Sunday, February 23, 2014

The Anti-Constitution Mercenaries

In the past, I blogged at What Would The Founders Think? One of my articles was titled, “The Founders Fear.” The article asserted that the Founders architected a limited government because they feared unrestrained power. This was written way back in 2011, but I received a scolding from a troll last week. Reeve wrote: 
“As someone who has studied the Constitution, and it’s history, rather well, I gotta say, I believe you to be cherry picking parts of it to suit your ideology. The Constitution was a step up in federal power over the Articles of Confederation. Furthermore, at the time of it’s passage, there was a TON of opposition to it being too centralized. So I find the argument that the Constitution is all about limited government to be specious.
Furthermore, the Constitution does not give specifically listed and enumerated powers. It gives a broad overview of what the Founders thought the government could and should do, and it gave it the powers to do so. The very first power listed contains the authority to provide for the general welfare of society, and I’m sure you’re familiar with the necessary and proper clause. That’s hardly a specific power or desire being granted, rather it’s a broad overview of what view they believed government should do, and left it up to the people and actual representatives to agree on specifics.
The Founder feared government being used for private gains – as opposed to common gains. If the government is instituting policies that are generally good, aimed at the general population, and whose goals are not to promote one private group over another, then it more or less fell within proper governmental authority. Things like universal health care are not necessary against the Constitution, nor Welfare programs – because the goal of such programs are to promote and provide for the GENERAL WELFARE of the United States.
Oh, and it doesn’t mean individuals cannot gain from governmental policies. It just means, for example, the legislature can’t pass a law giving exclusionary rights to a certain company. Like say the East Indies Tea Company to set up shop right in Boston Harbor and avoid tariffs and other taxes.
I find it ironic that many modern “conservatives” misunderstand what the revolution was about just as much as the then-day Britain’s misunderstood what American’s were so upset about."

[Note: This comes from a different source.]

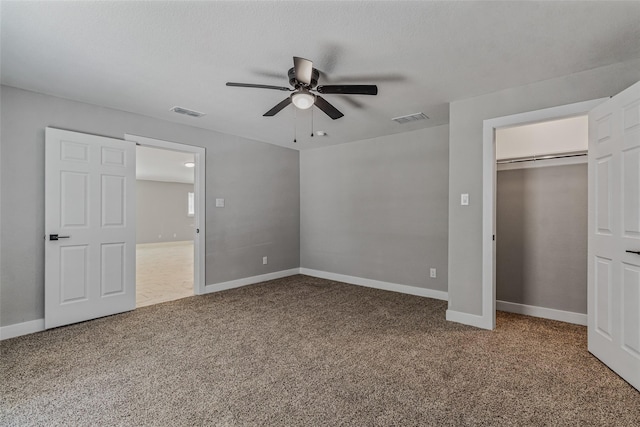 unfurnished bedroom featuring a textured ceiling, a closet, ceiling fan, and carpet flooring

At first, I hesitated to respond to Reeve. Hit and run trolls seldom return to the scene of their mischief. Besides, they’re convinced they’re insightful, not gullible. Wittingly or unwittingly, trolls fly around the internet sprinkling cut and paste propaganda.

It’s true that the Constitution assigned more power to a central government than the weak Articles of Confederation. No one has ever contended otherwise, so it’s specious to use this straw man argument to claim the Constitution bestows infinite power. The Framers wanted a stronger government, but not one with unrestrained power.

Luckily, Reeve proves the point. He argues that “Furthermore, at the time of it’s passage, there was a TON of opposition to it being too centralized.” Yes, indeed. The Antifederalists yelled from the roof tops that the Constitution would create a government so powerful that tyranny was inevitable, while the Federalists reassured people that this was a tightly constrained government with limited powers. Both sides argued for limiting government. Thank you Reeve for confirming the point of the article.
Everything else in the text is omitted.